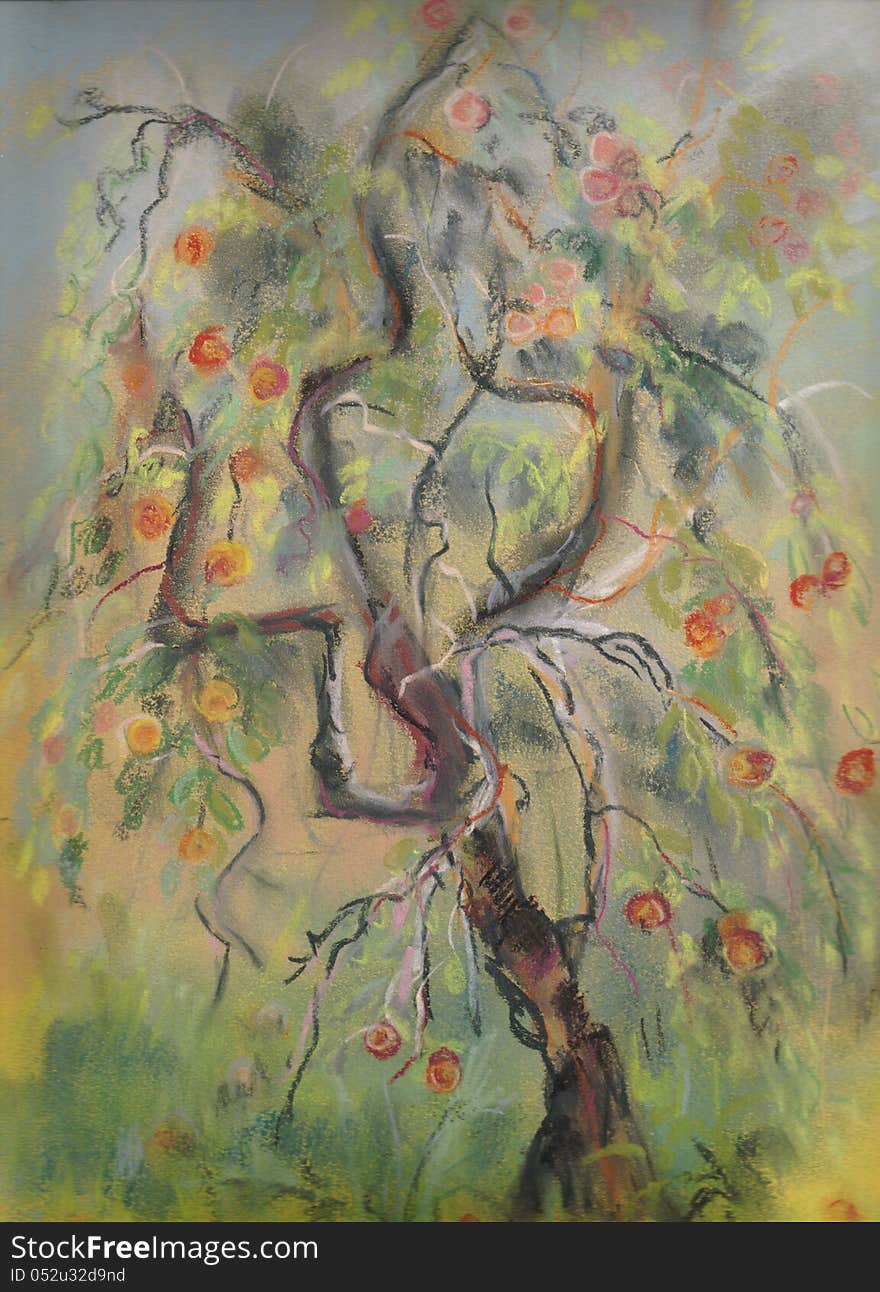 Old apple-tree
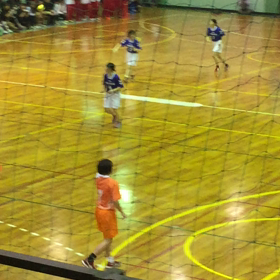 高校総体 ハンドボール 決勝戦の画像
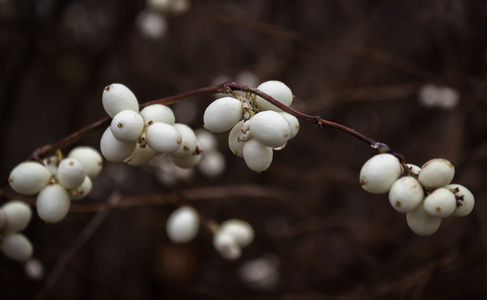 snowberries symphoricarpos 6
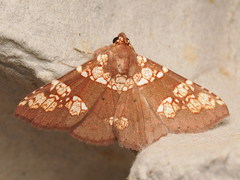 Saroba pustulifera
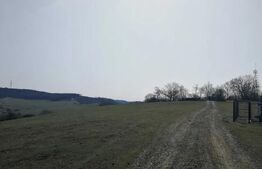 Teren intravilan, 15.904 mp, zona Dambu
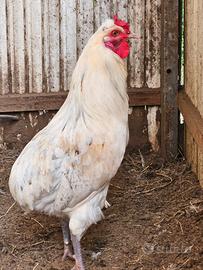 Coppia araucana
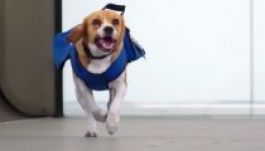 Kutyát alkalmazott a KLM légitársaság (VIDEÓ)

++++

Exercise description:
Pictures are not part of the copy; reproduce everything else in the records exactly.

Solution to this exercise:
 Old apple-tree
 高校総体 ハンドボール 決勝戦の画像
 snowberries symphoricarpos 6
 Saroba pustulifera
 Teren intravilan, 15.904 mp, zona Dambu
 Coppia araucana
 Kutyát alkalmazott a KLM légitársaság (VIDEÓ)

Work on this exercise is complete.